The Cape Girardeau area and other Southeast Missouri localities were painted with a treacherous coat of ice overnight, causing extreme driving hazards, a major traffic jam north of here and a flurry of auto mishaps. About 300 cars were stalled on the ice-covered U.S. 61, from about five miles south of Old Appleton northward into Perry County.
Dr. George H. Reavis, 84, who many years ago was superintendent of Cape Girardeau Public Schools, has made a $500,000 bequest to start a Phi Delta Kappa foundation to support educational research. Reavis, who was superintendent here from 1911 to 1913, lives in Fort Lauderdale, Florida.
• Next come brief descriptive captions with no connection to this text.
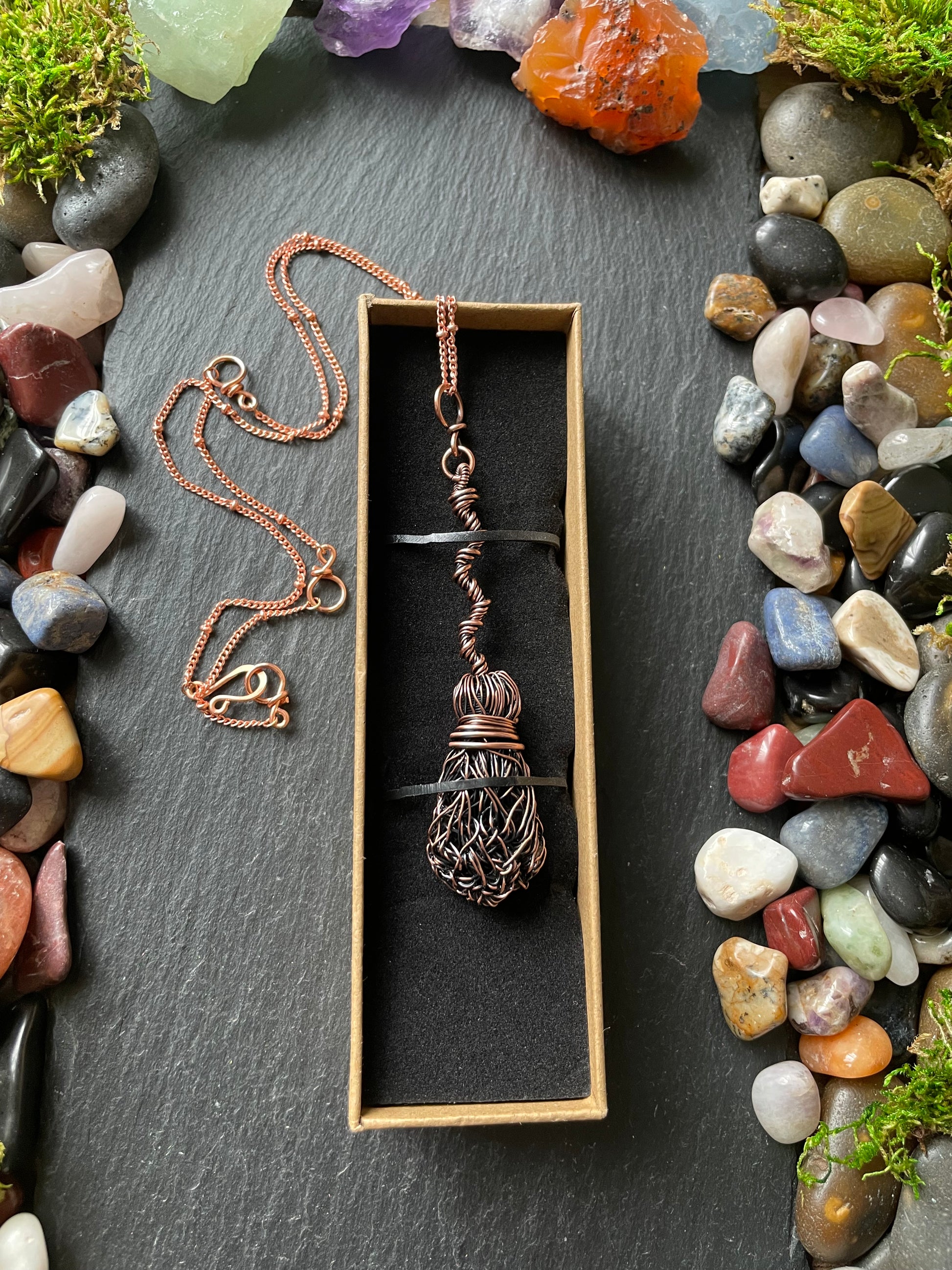 Necklace with a broom pendant in a box surrounded by stones and crystals on a dark surface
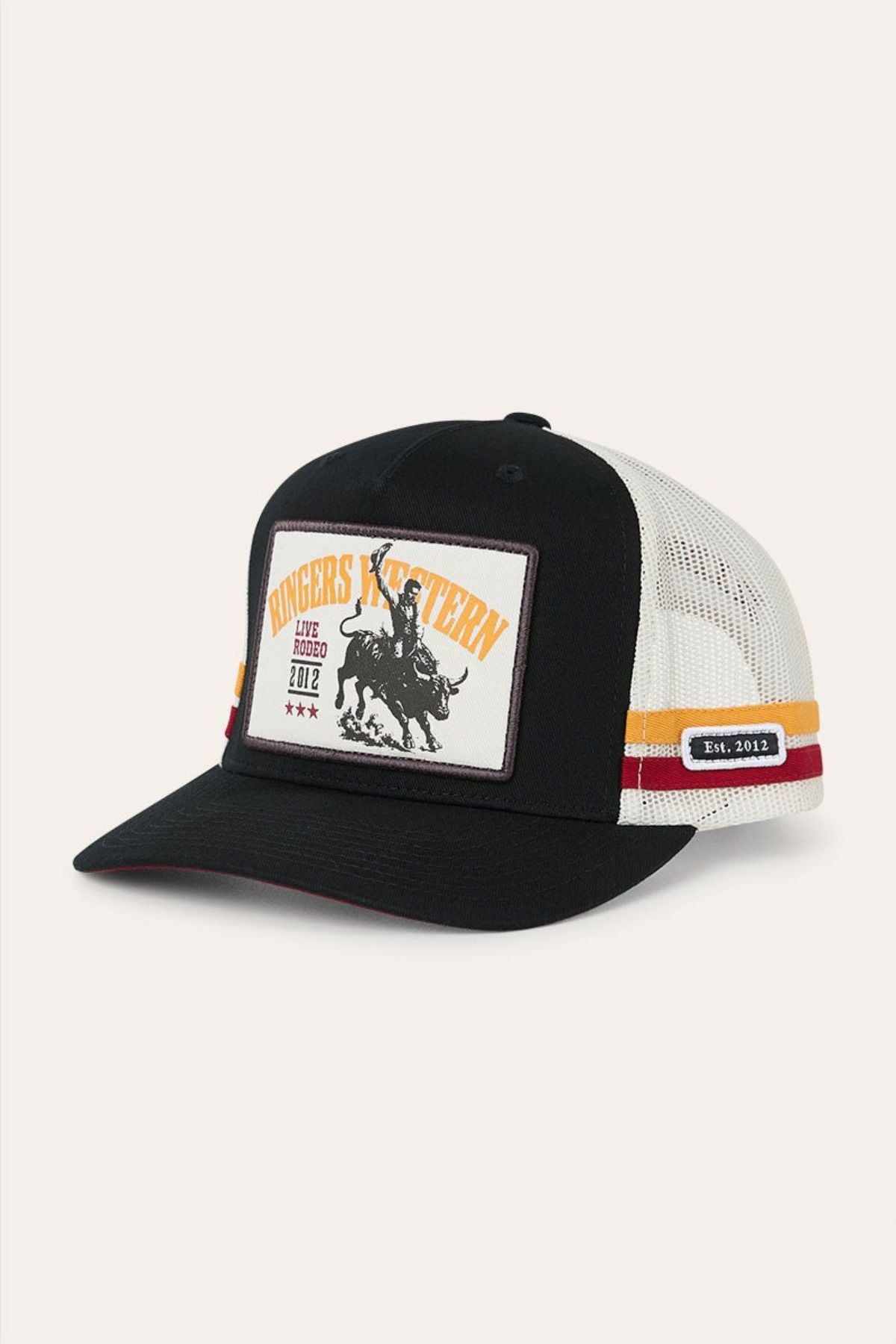 The Ringers Western Live Rodeo Deep Fit Trucker Cap features a classic black and white design with a patch embroidered with “Ringers Western,” a bronco rider, orange stripes, small stars, and “Est. 2012” on the brim—perfect for anyone wanting to channel authentic rodeo style.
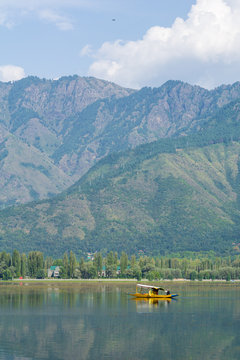 Kashmiri man paddling a shikara (traditional boat) on Dal Lake of Kashmir, India. Since 1947 the ownership of Kashmir has been disputed between Pakistan and India.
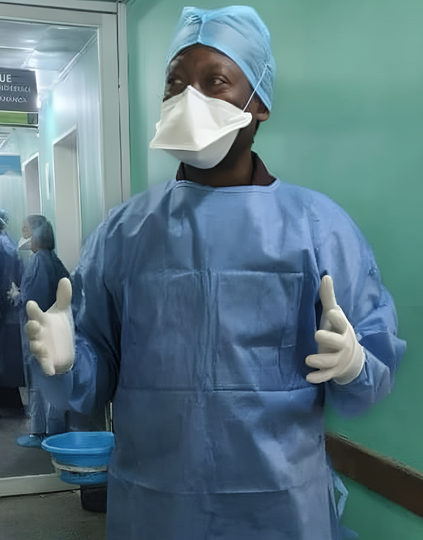 Dr. Albert Komba, SAFEStart+ project director stands in full personal protective gear inside the mpox isolation ward at Clinique Kinoise in Kinshasa, DRC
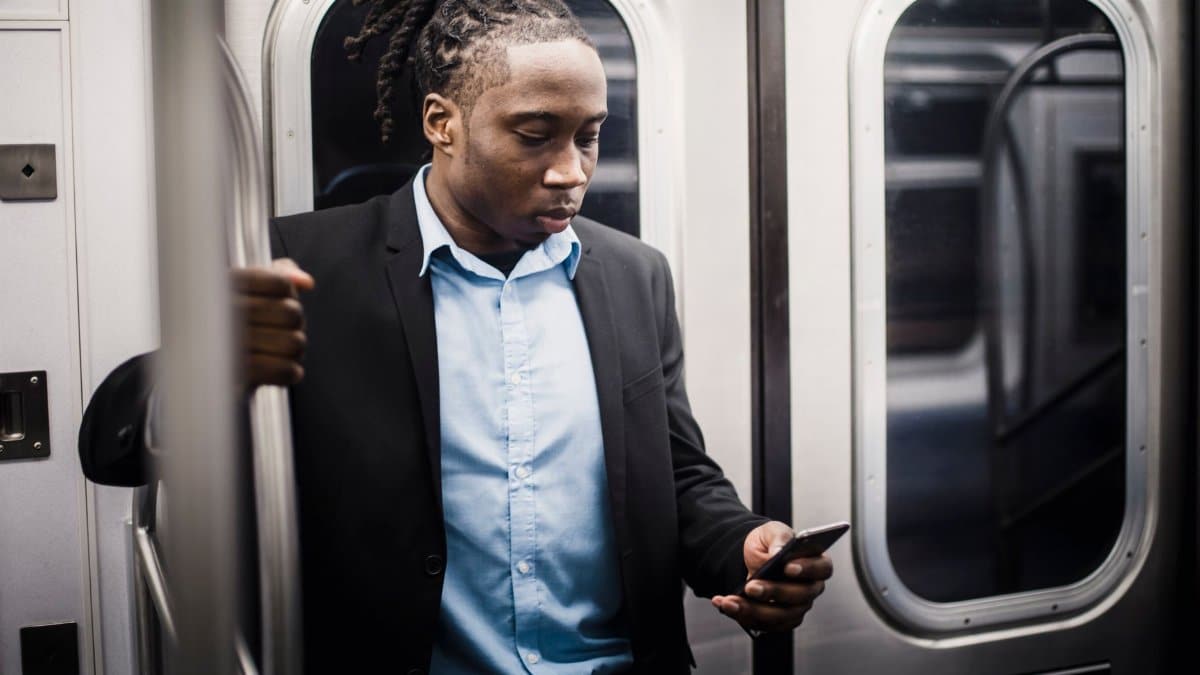 Adult well dressed African American male worker surfing internet on mobile phone and holding handrail while commuting to work on subway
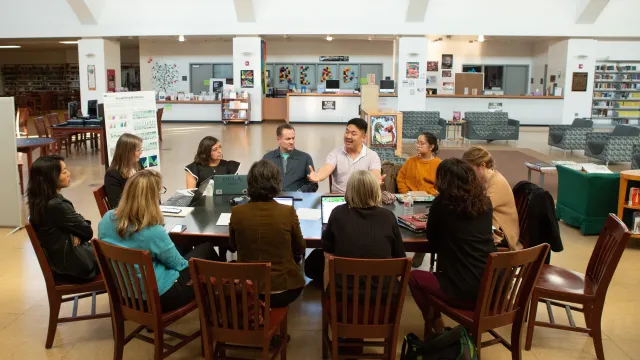 Educators sit around a table discussing important topics.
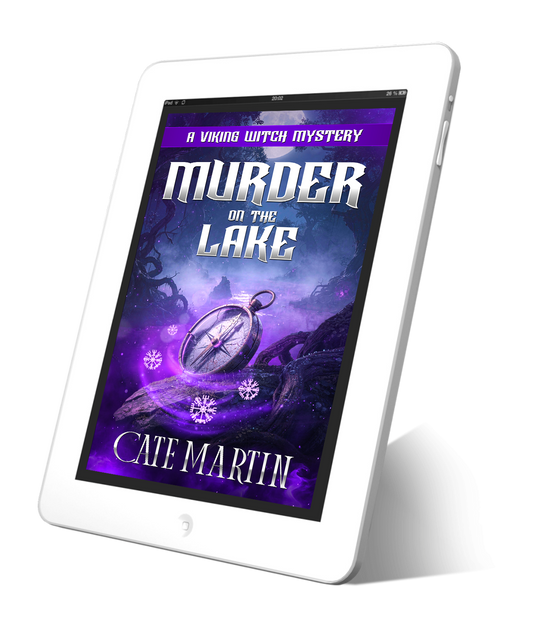 Tablet displaying the book cover of 'Murder on the Lake' by Cate Martin on a white background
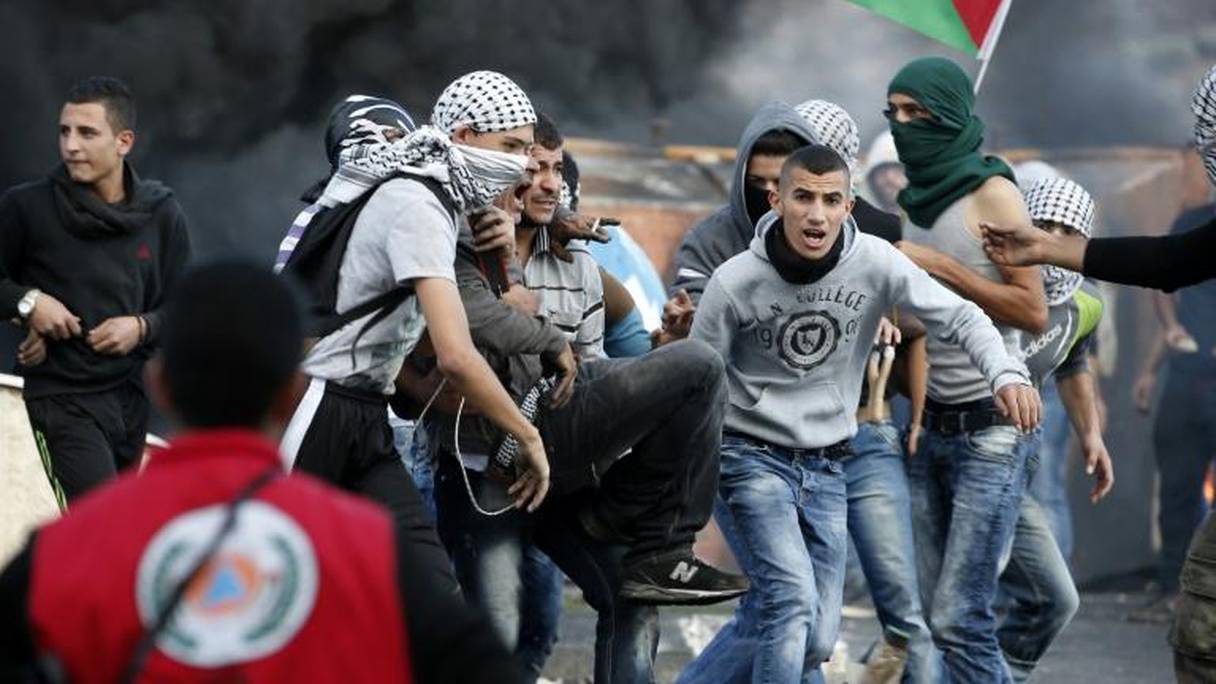 Un Palestinien lanceur de pierre est porté par des camarades après avoir été blessé lors de heurts avec les forces israéliennes près de Ramallah le 9 octobre 2015.
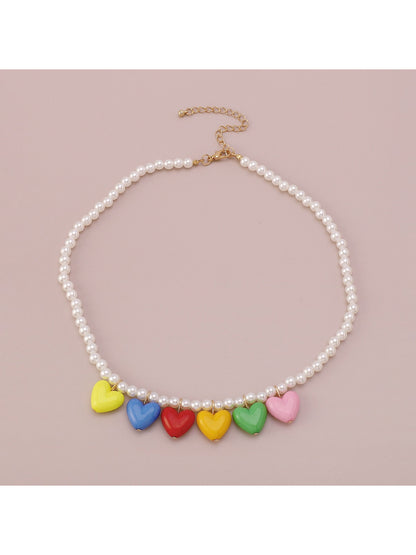 Neckit necklace with multicoloured heart charm worn on a model's neck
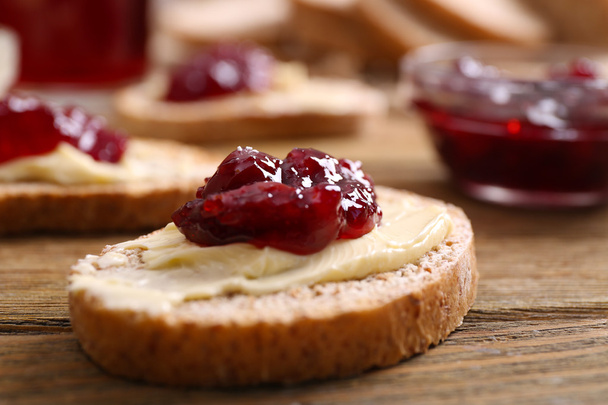 Fresh toast with butter and jam on table close up - Fotografie, Obrázek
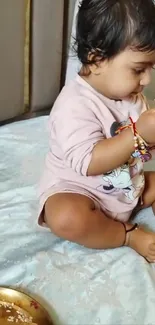 Adorable baby enjoying playtime on a bed.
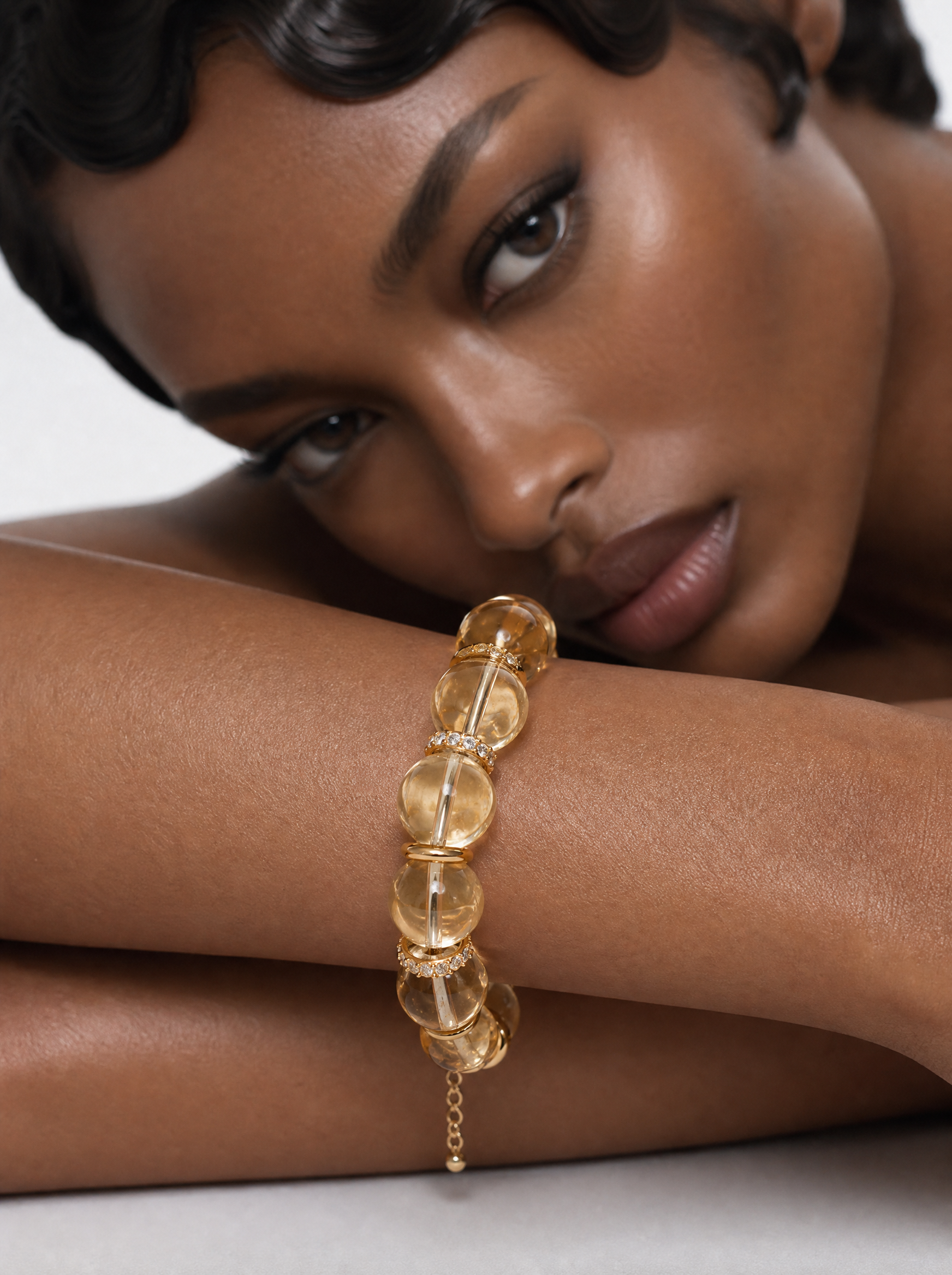 Model wearing the Sunken Gold citrine beaded bracelet, close-up of honey-yellow beads on the forearm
Approval for doubling the size of the civilian pilots-training program now underway and adding an advanced cross-country training course was received yesterday by the Consolidated School of Aviation Inc., which has the contract for training all Teachers College air students. The new program will give the school at once a total of 56 students under the government contracts, 30 of these for primary training, 20 for secondary training and six for the advanced cross-country course.
Superintendent L.J. Schultz announces the new building at Central High School to be used for vocational shop training is nearing completion, and first classes for adult training will be there March 9. The building will house shops for training in automotive, metal, electrical and woodworking trades.
The Illinois Central Railroad Co. has purchased 100 acres of the Lance farm at the Missouri end of the Thebes, Illinois, bridge from Louis Houck. There are 360 acres in the farm, and of the amount purchased by the railroad company, about 60 acres are along the river, and the remainder is in the hills. It is thought the Central may put terminal yards there.
The splendid old grog factory, better known as the distillery at Appleton, is to be saved for the benefit of posterity; a stock company has been completed, with various businessmen and farmers of the community purchasing shares at $300 each. The company will be known as the Appleton Distilling Company.